Over the years that my mother needed home health care workers, we learned that of the daily amount she was charged, only a small portion actually went to the worker. I don’t know if this is standard or just a practice of the companies we dealt with. We wanted to pay a fair wage and give the work and care provided the dignity and value it deserved. At one point, we intervened when we found out that one of my mother’s aides was consistently receiving her paychecks late. The company’s proposed ‘solution’ was for my mother to buy out the worker’s contract at a cost of over $30,000. The situation was so messy we had to seek legal counsel. As my mother’s medical condition was rapidly declining, shifting from using a company to employing home health care workers directly would have meant finding a new team of workers who could attend to her needs, and forming new relationships at a time when stability was important.
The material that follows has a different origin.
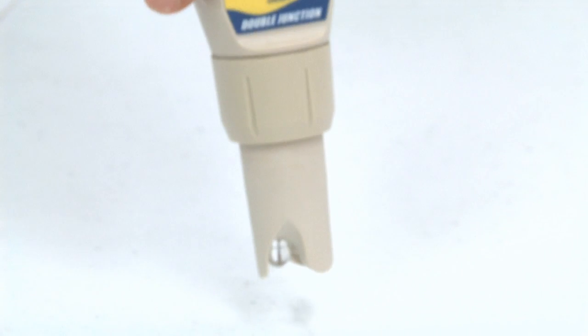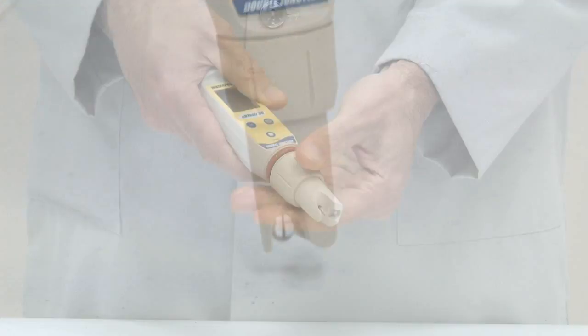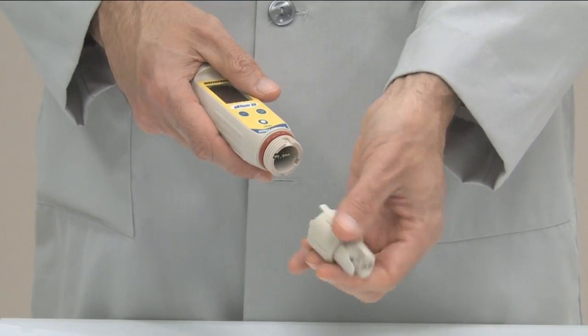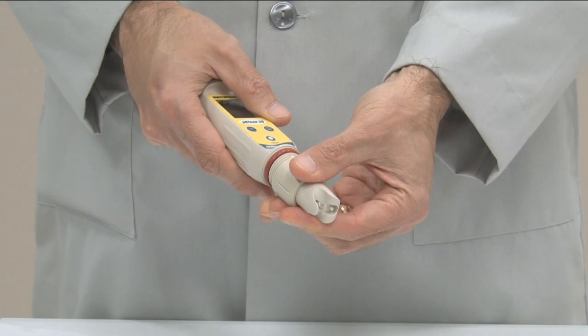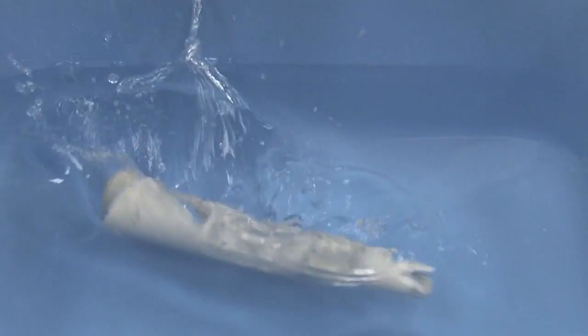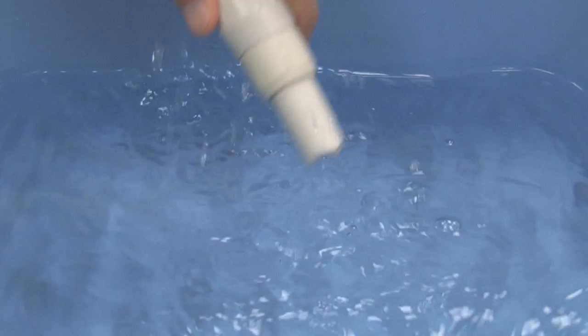A recessed design helps protect the glass bulb from breakage, and easy-to-replace modules require no tools — simply twist off and replace. The Oakton Waterproof pH testers are 100% dustproof and encased in waterproof housing. They even float for easier recovery.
The decision of what to do was eclipsed by my mother’s entrance into hospice. When my mother passed away, her home health care workers attended her memorial service, and I am still in contact with some of them as they share the accomplishments of their children and other milestones.
Domestic workers, such as the many women who helped my mother in her last years of life, provide vital services yet these workers often face unjust social and economic conditions. The industry is unregulated, domestic workers are excluded from the protections of federal wage-and-hour laws, and abuses are rampant. However, as the presenters in the session noted, the coalitions and networks that domestic workers are forming are having effect. In 2010, New York State passed the nation’s first Domestic Workers Bill of Rights into law. Although Governor Brown vetoed the California version, local organizations have not given up the fight. San Francisco’s Mujeres Unidas y Activas has developed an innovative worker-centered skills training, job placement and labor rights program called Caring Hands. A national campaign to coordinate efforts and educate the public called Caring Across Generations launched in 2011.
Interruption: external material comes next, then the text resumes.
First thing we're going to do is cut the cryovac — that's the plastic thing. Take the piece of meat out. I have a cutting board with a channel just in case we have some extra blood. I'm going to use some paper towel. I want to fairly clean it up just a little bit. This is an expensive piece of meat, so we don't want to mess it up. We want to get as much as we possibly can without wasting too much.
As our population ages, it is estimated that the number of people who will need care will only grow. We may all face similar dilemmas, as we have to make decisions about a sick parent or partner who needs help. It is time to organize to change the current structures and policies. We must improve the working conditions and job quality of domestic workers but not at the risk of making such care inaccessible for low-income families.
Seline Szkupinski Quiroga is a child of immigrants and a medical anthropologist living in Phoenix, Arizona. She is a member of the Mujeres Talk Colectiva and the MALCS Communications and Web team.